Here's a visual example of divergence in a program running on a hypothetical 4-thread warp. The lines down the side represent whether that thread is enabled at that point in the program.

0 1 2 3
| | | |     let mut array = [0, 1, 2, 3];
| | | |
| | | |     if array[thread_id] % 2 == 0 {
|   |           array[thread_id] += 1;
|   |       }
| | | |
| | | |     // at this point the array is [1, 1, 3, 3]

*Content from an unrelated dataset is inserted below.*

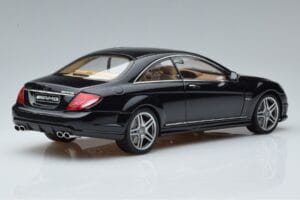 Mercedes CL63 AMG C216 Černý AUTOart 1:18 76169 Kov – obrázek 2 z 6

Because there is only one program counter per warp, if the condition of an if statement evaluates to false in a given thread, that thread has to wait it out by staying disabled until the whole warp gets to the end of the statement. This means that if you have to use an if statement, it's best to keep the body short and/or to have a condition that is usually true, to maximise how many threads are enabled at once.

# But why?

By adding predication to SIMD, we give ourselves the ability to write programs in a way that looks much more like the single-threaded scalar processing that we are all used to. The program from above, written using SIMD, might look like this:

let mut array = u32x4::new(0, 1, 2, 3);
let one = u32x4::splat(1);
let mask = (array & one).eq(one);
array = mask.select(array, array + 1);

This differs from the GPU-style program above in one striking way: this program describes calculations in terms of vectors (u32x4, i.e. a group of four integers) whereas the GPU-style code describes the calculations individually, achieving parallelism implicitly by using the thread_id to index into the data, which splits the data into independent chunks. This means that the GPU-style code can be used on any size of array without modifying the code itself.

Another important difference is that the GPU-style code looks to me to be far easier to write (and it was), partially due to this scalar/vector code style distinction. Furthermore, the resulting machine code of the SIMD program is probably quite inefficient due to having to save all of the results of array + 1 into registers even though it doesn't end up using them. So, SIMD is good for programs that need to do the same thing a bunch of times, but predicated SIMD is good for programs that need to do nearly the same thing a bunch of times, which is way more programs.

# Instruction sets

At the beginning of this post, I asked "what kind of maths can we do on a GPU?". The answer will vary depending on the GPU, so I looked at the manual for AMD's GCN 3 architecture1, because I have a GCN 4 card, and apparently they're similar enough that AMD didn't release a new manual.

GCN 3 provides all the arithmetic stuff you'd expect; add, sub, mul, div on integers and single-precision floats are there along with some logical operators, but it also has loads of others. There are a few convenient instructions for graphics programming like trig functions, square root, reciprocal square root, and even cubemap helpers. As if we weren't spoiled already, there are some logs and exps as well.

Skimming some documents for Apple's G132 and Arm's Bifrost3 instruction sets indicates that most of these instructions are fairly standard.

# Conclusion

CPUs have some ways to achieve parallelism, but they are restricted by the way people expect to be able to write programs for them. GPUs had no such restriction, so their designs can lean into parallelism as much as they want. As we've seen, this leads to an unfamiliar but powerful architecture.

In the next few posts, I'll explore writing and running programs on a GPU, and some real-world examples of the architectural concepts we've met so far.